A probe explores the behavior of a system that is in a chaotic or unpredictable state and helps validate the declarative hypothesis set by the user. The goal of a chaos probe is to understand the underlying patterns and laws that govern the behavior of these systems, and use this understanding to predict or control their behavior.

This section walks you through how to configure and add probes to a chaos experiment.

Before you begin

Prerequisites

  • You should have an active chaos infrastructure where you can schedule the chaos experiment.
  • Enterprise Hub connectivity status should be active
  • Read/write access to the chaos experiment to schedule or navigate to the probe addition UI.
  • Read access to the chaos infrastructure to select a chaos infrastructure when creating an experiment.
  • Read access to the chaos hub to select faults from the chaos hub while creating an experiment.

Once the prerequisites are fulfilled, you can configure and add a probe to your experiment using the following steps.

Step 1: Navigate to the chaos experiment creation

Navigate to the Create Experiment View by clicking + New Experiment button.
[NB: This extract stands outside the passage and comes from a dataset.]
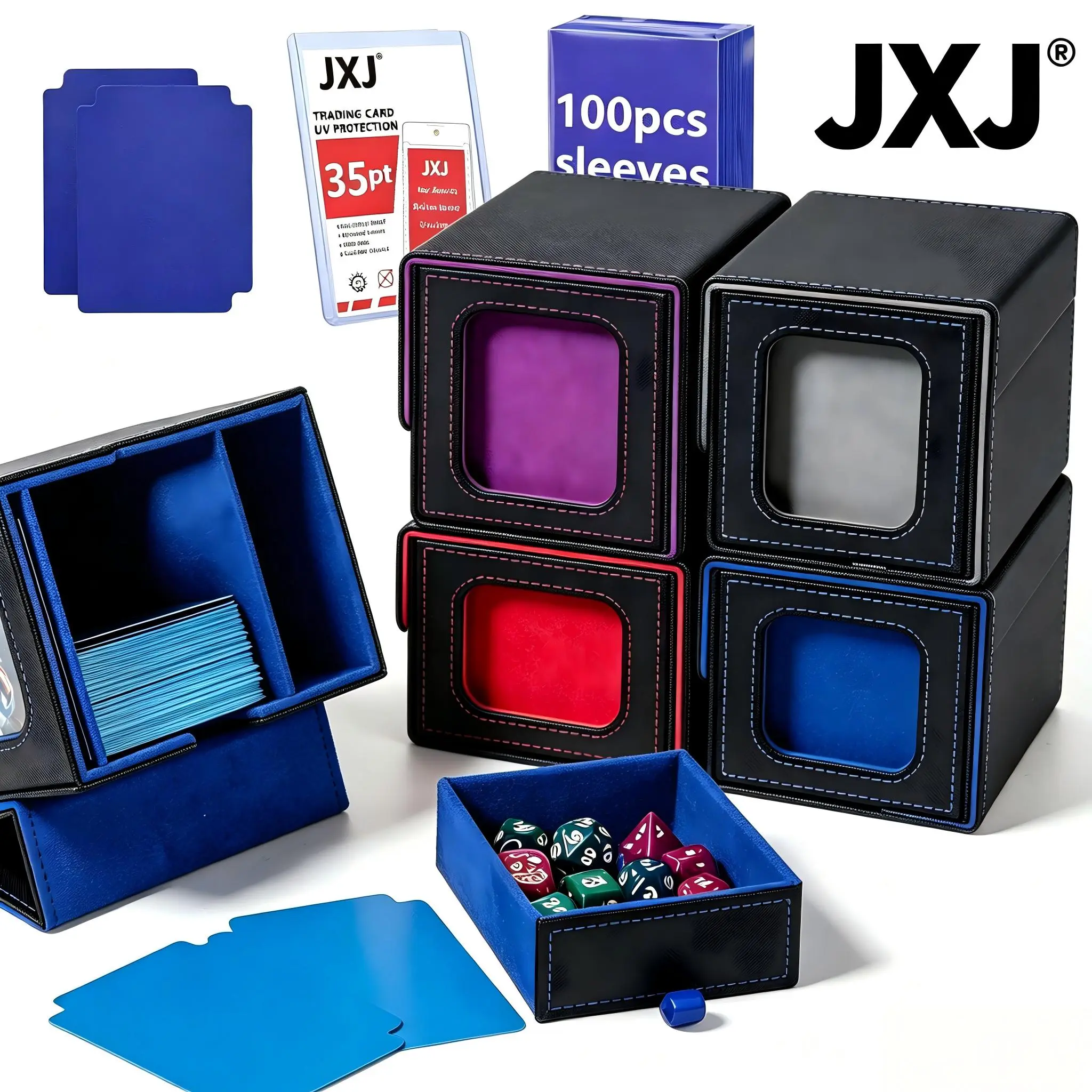 [Upgraded Card Deck Box with drawer +100 sleeves] for MTG Commander Display, Deck Case Holds 100+ Double-Sleeved Cards, Trading Card Storage Box Fits TCG/PTCG/Sports Card with 100 sleeves, 2 Dividers, 1 Top Loaders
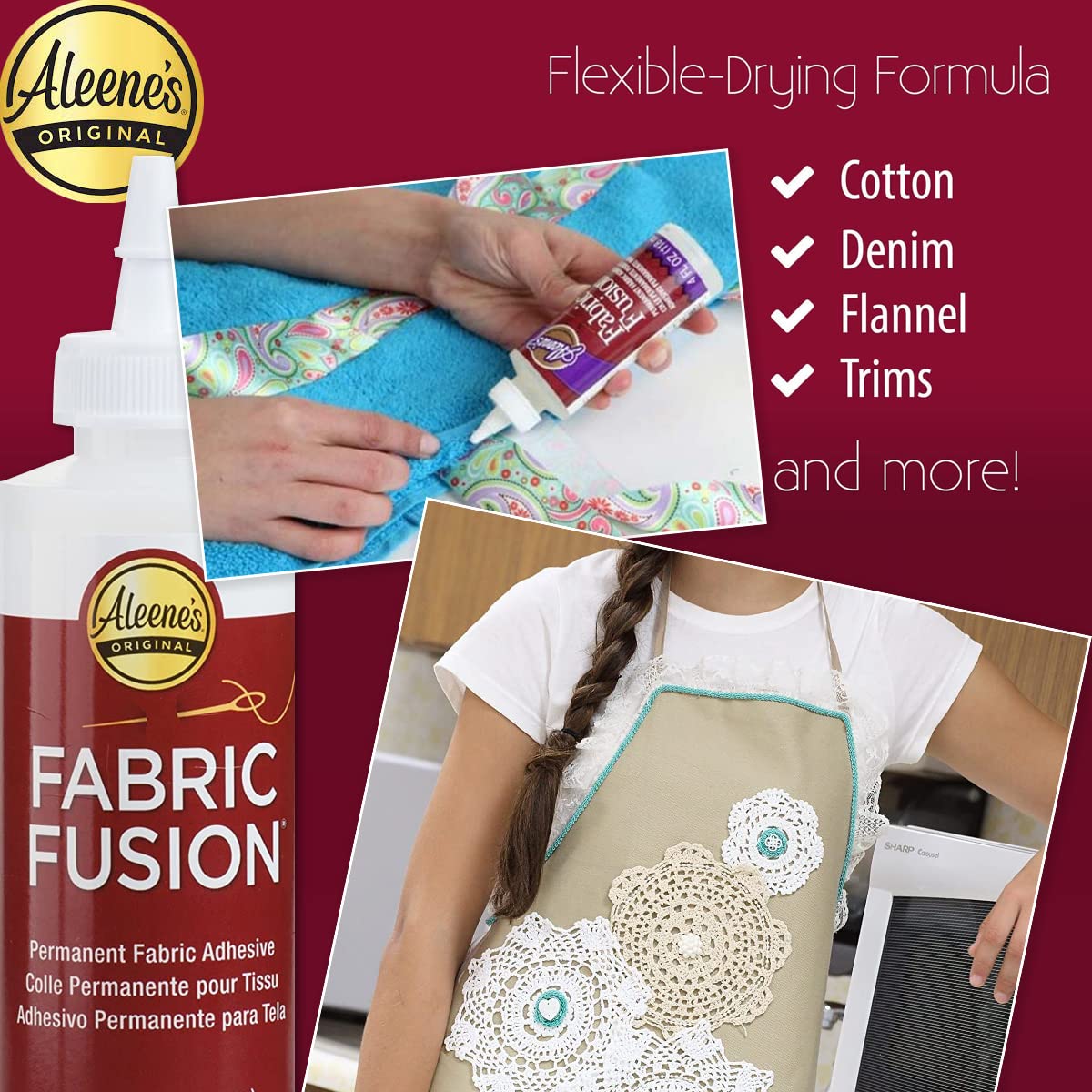 Fabric Fusion Fabric Glue Permanent Clear Washable 8oz for Patches, Rug Glue, Clothing Glue, No Sew Fabric Glue with Pixiss Art Dotting Stylus Pens 5 pcs Set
Provide a name, description and tag for your experiment. The description and tag are optional fields.

Choose the active chaos infrastructure on which this experiment would be scheduled. This step is required so that we can proceed to the fault selection step where probes can be configured.

Step 1.1

And then click on Start with blank canvas once you see the start off drawer pop out.

Step 1.2

Step 2: Select a fault

Select the + icon to open the fault selection drawer and choose the fault to execute in your chaos experiment based on the hypothesis decided.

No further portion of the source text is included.